It’s no secret that Intel dropped the ball on 10nm conversion, as the firm withdrew most of its Cannon Lake silicon due to low yields and thermal issues. Amazingly, that was three years into the firm’s 10nm effort! No longer encumbered by problems with its own fabs, AMD used this opportunity to outsource its production to some of the world’s most proficient producers, making mainstream desktop CPUs with up to twice as many cores. Another three years on from its initial failure, Intel is nearly ready to finally bring its version of the 10nm process to a desktop IC.

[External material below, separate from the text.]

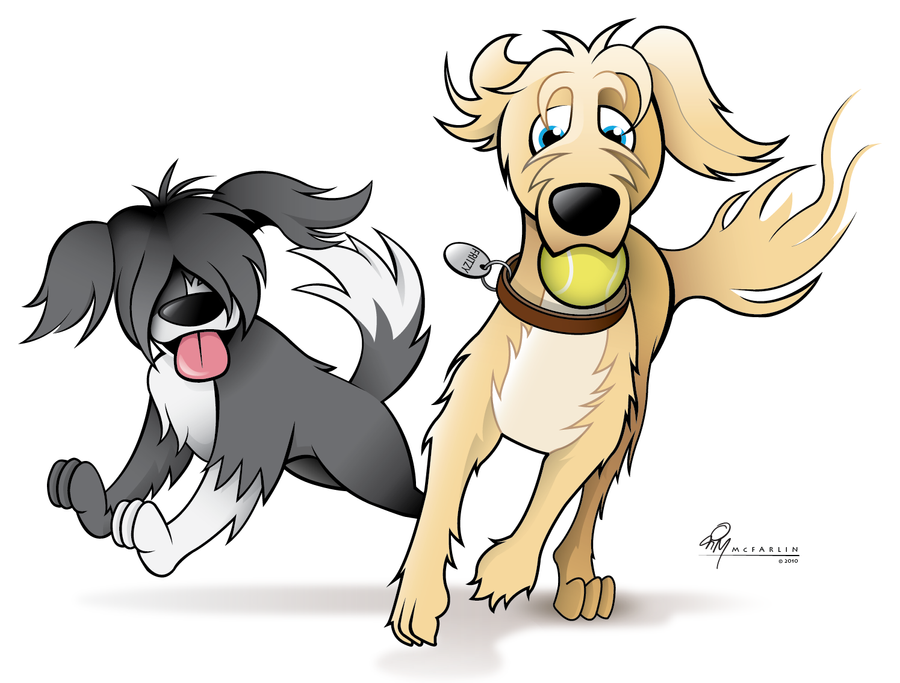 Cartoon of a black dog and a tan dog running playfully, tongues out, on a white background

With a desktop market that’s quickly running out of patience, Intel is hoping to wow buyers with an array of technologies that leapfrog everything AMD has done so far, from a rumored “Big-Bigger” hybrid core design to PCI Express 5.0 with twice the bandwidth of its competitor. Other updates include Wi-Fi 6E with optional Killer NIC control, a 5GbE PHY interface, and eight additional High Speed I/O connections (for a total of 38) to support additional PCIe storage on a new, PCIe 4.0-equipped southbridge. You’re looking at enough lanes to hold four PCIe 4.0 NVMe drives at full speed, one directly from the CPU, without tapping into any of the sixteen PCIe 5.0 lanes that you might want for your graphics card. And you thought this was all about DDR5…
Speaking of DDR5, we’re seeing talk of JEDEC DDR5-6400 validation announcements from assemblers/VARs in addition to upcoming XMP kits, and it is possible that Intel might loosen restrictions on single DIMM per-channel data rates. We’re told the higher data rate is not yet likely, and that there’s another side to that discussion: The memory controllers of the new Alder Lake-S CPUs aren’t that much more capable than those of the previous Rocket Lake part, and that like the Rocket Lake they’ll use “Gear 2 mode” to remain stable at high data rates. For those who forgot, Intel introduced Gear 2 mode with its 11th-gen Core series processors to force the memory controller to run at half the memory’s bus frequency, kicking in automatically at DDR4-3200 on the 11900K and DDR4-2933 on lesser processors. Gear 2 mode caused a big increase in memory latency at the controller, and many overclockers found that they could manually force Gear 1 at data rates up to (and slightly beyond) 3600. Alder Lake-S will run DDR5 memory with Gear 2 by default, and even add Gear 4 (1/4 speed) mode for super-high data rate versions. DDR4 is still an option for those who choose a motherboard thus equipped, and we wouldn’t be surprised if the CPU defaults to the lower-latency Gear 1 mode at data rates from 3200 downward.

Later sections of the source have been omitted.